📚 Bookshelf

📜 Contents

👈 Prev

👉 Next

Chapter 08: MapReduce Features

  • Counters are a useful channel for gathering statistics about the job: for quality control or for application-level statistics.

  • Built-in counter groups
    • MapReduce task counters
    • Filesystem counters
    • FileInputFormat counters
    • FileOutputFormat counters
    • Job counters
  • Task counters gather information about tasks over the course of their execution, and the results are aggregated over all the tasks in a job. Task counters are maintained by each task attempt, and periodically sent to the tasktracker and then to the jobtracker so they can be globally aggregated.

  • Job counters are maintained by the jobtracker (or application master in YARN), so they don’t need to be sent across the network, unlike all other counters, including user-defined ones. They measure job-level statistics, not values that change while a task is running.

  • MapReduce allows user code to define a set of counters, which are then incremented as desired in the mapper or reducer. Counters are defined by a Java enum, which serves to group related counters. A job may define an arbitrary number of enums, each with an arbitrary number of fields. The name of the enum is the group name, and the enum’s fields are the counter names. Counters are global: the MapReduce framework aggregates them across all maps and reduces to produce a grand total at the end of the job.

    Application to run the maximum temperature job, including counting missing and malformed fields and quality codes

    enum Temperature {
      MISSING,
      MALFORMED
    }
    
    static class MaxTemperatureMapperWithCounters
        extends Mapper<LongWritable, Text, Text, IntWritable> {
      @Override
      protected void map(LongWritable key, Text value, Context context)
          throws IOException, InterruptedException {
        if (parser.isValidTemperature()) {
        } else if (parser.isMalformedTemperature()) {
          context.getCounter(Temperature.MALFORMED).increment(1);
        } else if (parser.isMissingTemperature()) {
          context.getCounter(Temperature.MISSING).increment(1);
        }
        // dynamic counter
        context.getCounter("TemperatureQuality",
        parser.getQuality()).increment(1);
      }
    }
    
  • The code makes use of a dynamic counter—one that isn’t defined by a Java enum. Because a Java enum’s fields are defined at compile time, you can’t create new counters on the fly using enums. Here we want to count the distribution of temperature quality codes, and though the format specification defines the values that the temperature quality code can take, it is more convenient to use a dynamic counter to emit the values that it actually takes. The method we use on the Reporter object takes a group and counter name using String names:
    public void incrCounter(String group, String counter, long amount)
    

    The two ways of creating and accessing counters—using enums and using strings—are actually equivalent because Hadoop turns enums into strings to send counters over RPC.

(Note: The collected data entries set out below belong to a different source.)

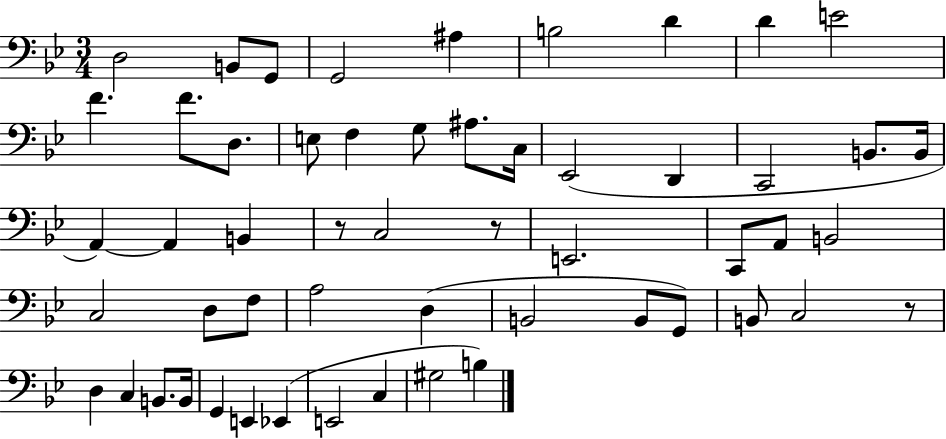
X:1
T:Untitled
M:3/4
L:1/4
K:Bb
D,2 B,,/2 G,,/2 G,,2 ^A, B,2 D D E2 F F/2 D,/2 E,/2 F, G,/2 ^A,/2 C,/4 _E,,2 D,, C,,2 B,,/2 B,,/4 A,, A,, B,, z/2 C,2 z/2 E,,2 C,,/2 A,,/2 B,,2 C,2 D,/2 F,/2 A,2 D, B,,2 B,,/2 G,,/2 B,,/2 C,2 z/2 D, C, B,,/2 B,,/4 G,, E,, _E,, E,,2 C, ^G,2 B,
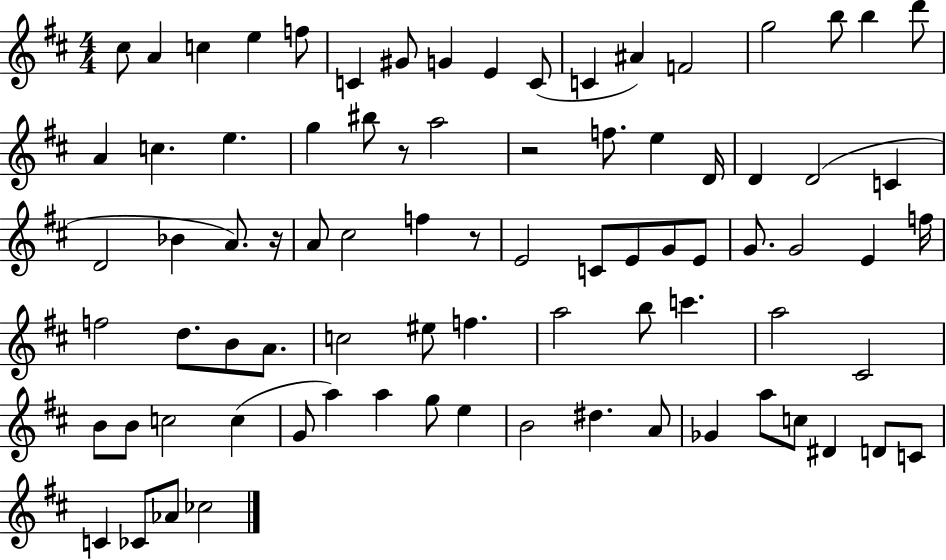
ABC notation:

X:1
T:Untitled
M:4/4
L:1/4
K:D
^c/2 A c e f/2 C ^G/2 G E C/2 C ^A F2 g2 b/2 b d'/2 A c e g ^b/2 z/2 a2 z2 f/2 e D/4 D D2 C D2 _B A/2 z/4 A/2 ^c2 f z/2 E2 C/2 E/2 G/2 E/2 G/2 G2 E f/4 f2 d/2 B/2 A/2 c2 ^e/2 f a2 b/2 c' a2 ^C2 B/2 B/2 c2 c G/2 a a g/2 e B2 ^d A/2 _G a/2 c/2 ^D D/2 C/2 C _C/2 _A/2 _c2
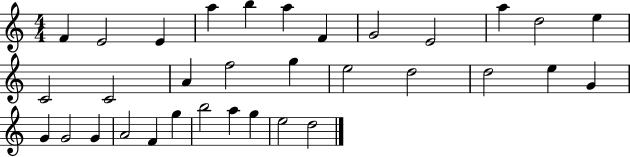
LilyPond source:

{
  \clef treble
  \numericTimeSignature
  \time 4/4
  \key c \major
  f'4 e'2 e'4 | a''4 b''4 a''4 f'4 | g'2 e'2 | a''4 d''2 e''4 | \break c'2 c'2 | a'4 f''2 g''4 | e''2 d''2 | d''2 e''4 g'4 | \break g'4 g'2 g'4 | a'2 f'4 g''4 | b''2 a''4 g''4 | e''2 d''2 | \break \bar "|."
}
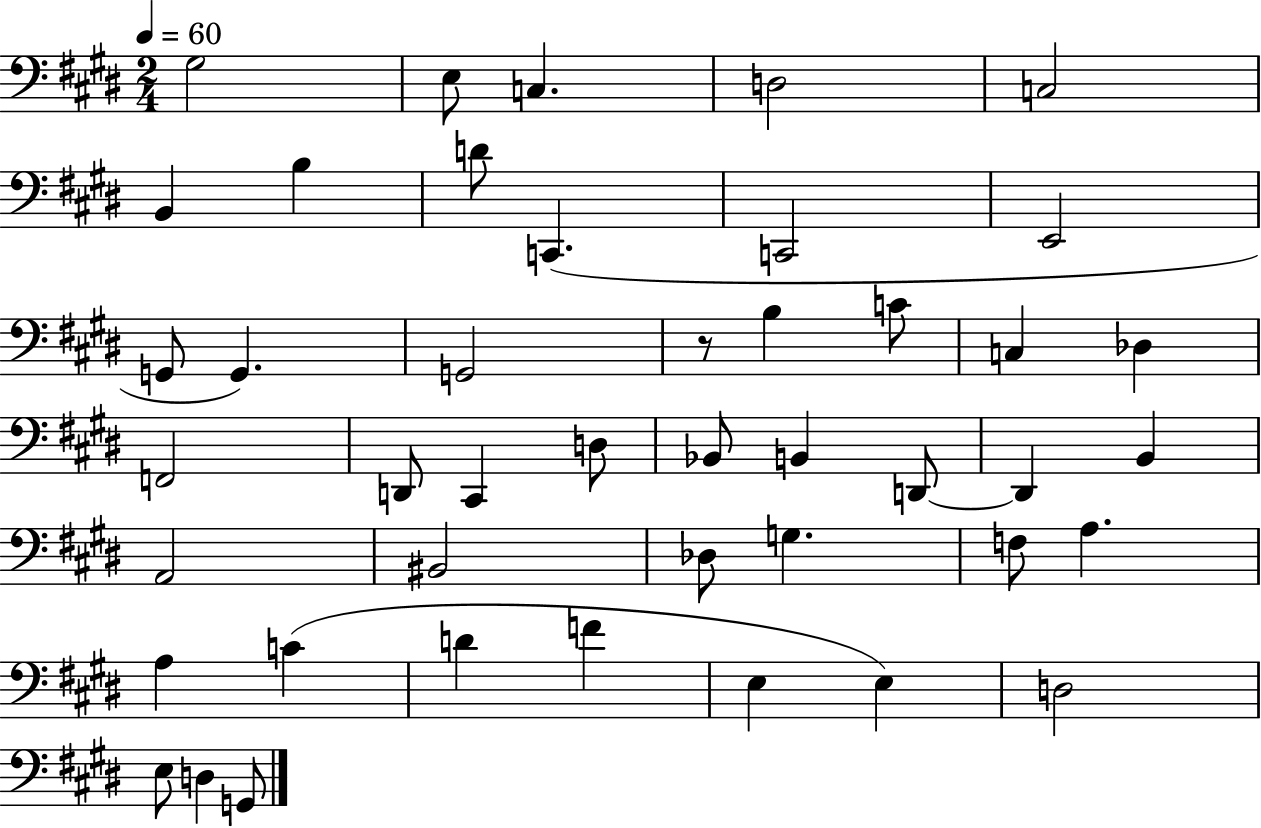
X:1
T:Untitled
M:2/4
L:1/4
K:E
^G,2 E,/2 C, D,2 C,2 B,, B, D/2 C,, C,,2 E,,2 G,,/2 G,, G,,2 z/2 B, C/2 C, _D, F,,2 D,,/2 ^C,, D,/2 _B,,/2 B,, D,,/2 D,, B,, A,,2 ^B,,2 _D,/2 G, F,/2 A, A, C D F E, E, D,2 E,/2 D, G,,/2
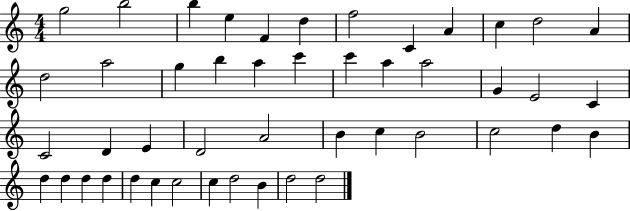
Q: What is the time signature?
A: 4/4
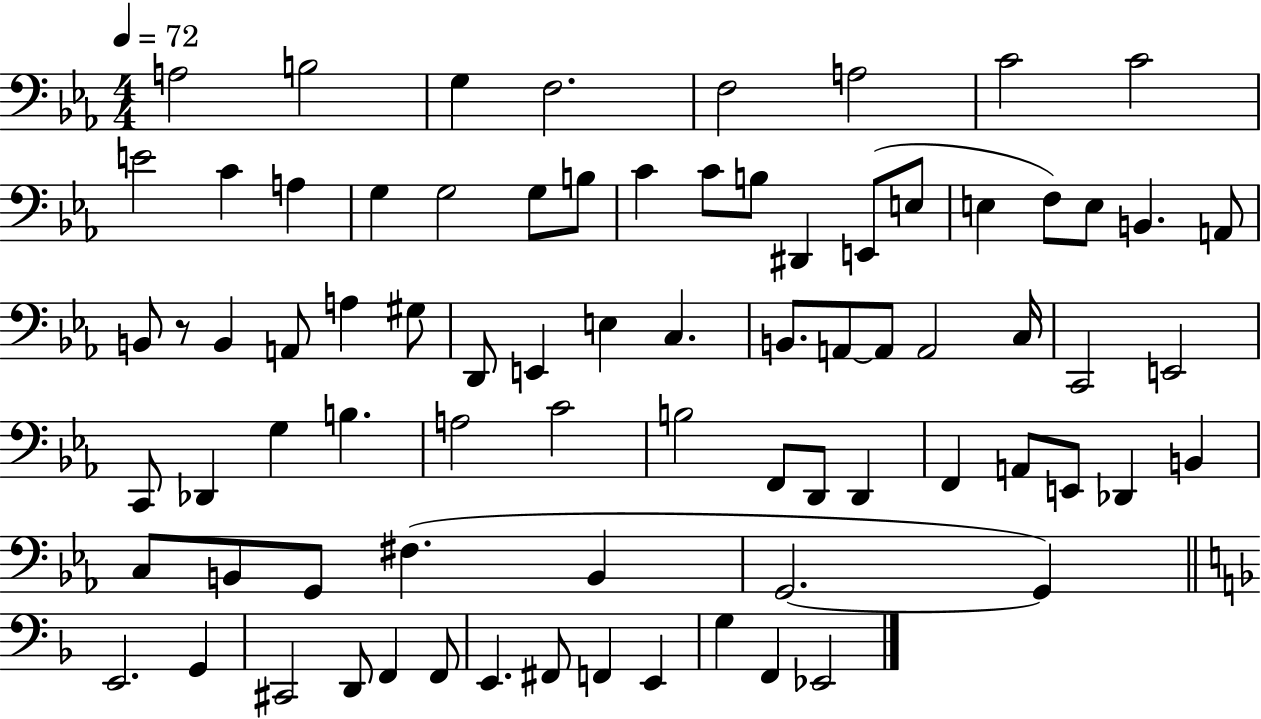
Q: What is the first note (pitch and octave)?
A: A3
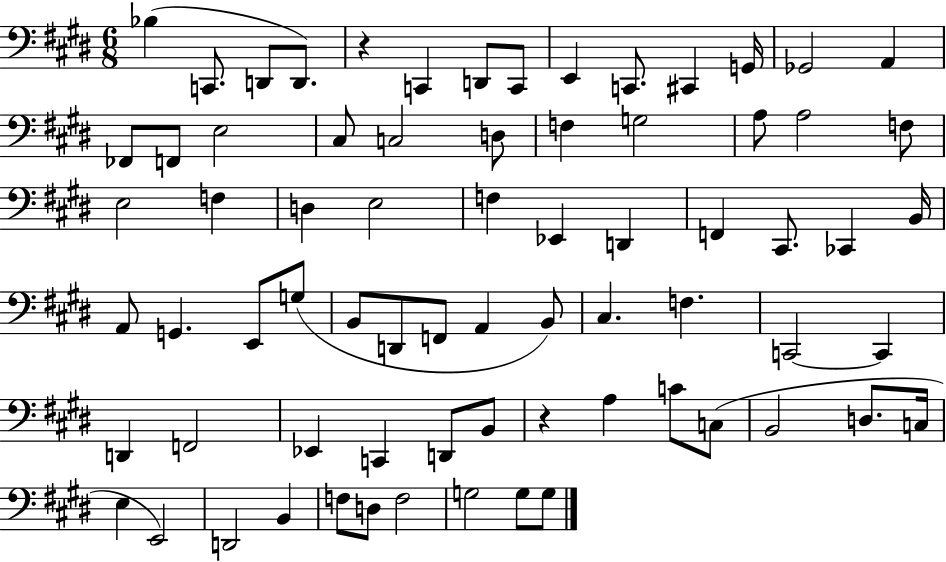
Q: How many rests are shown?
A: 2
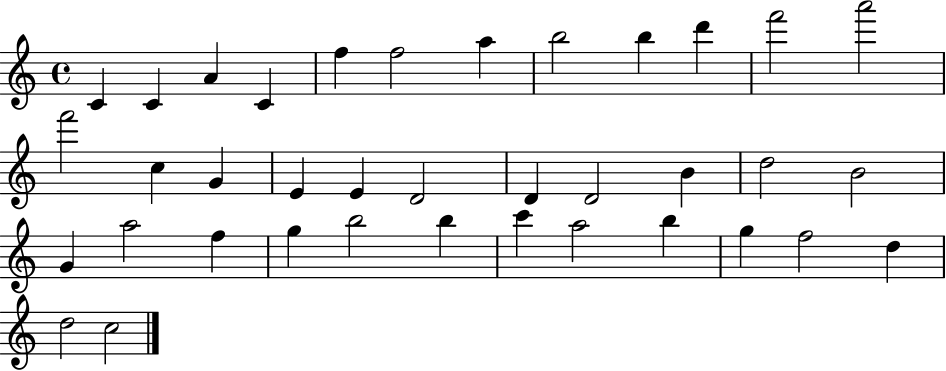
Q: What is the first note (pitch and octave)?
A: C4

  • By default, a counter’s name is the enum’s fully qualified Java classname. These names are not very readable when they appear on the web UI or in the console, so Hadoop provides a way to change the display names using resource bundles.

    The recipe to provide readable names is as follows. Create a properties file named after the enum, using an underscore as a separator for nested classes. The properties file should be in the same directory as the top-level class containing the enum.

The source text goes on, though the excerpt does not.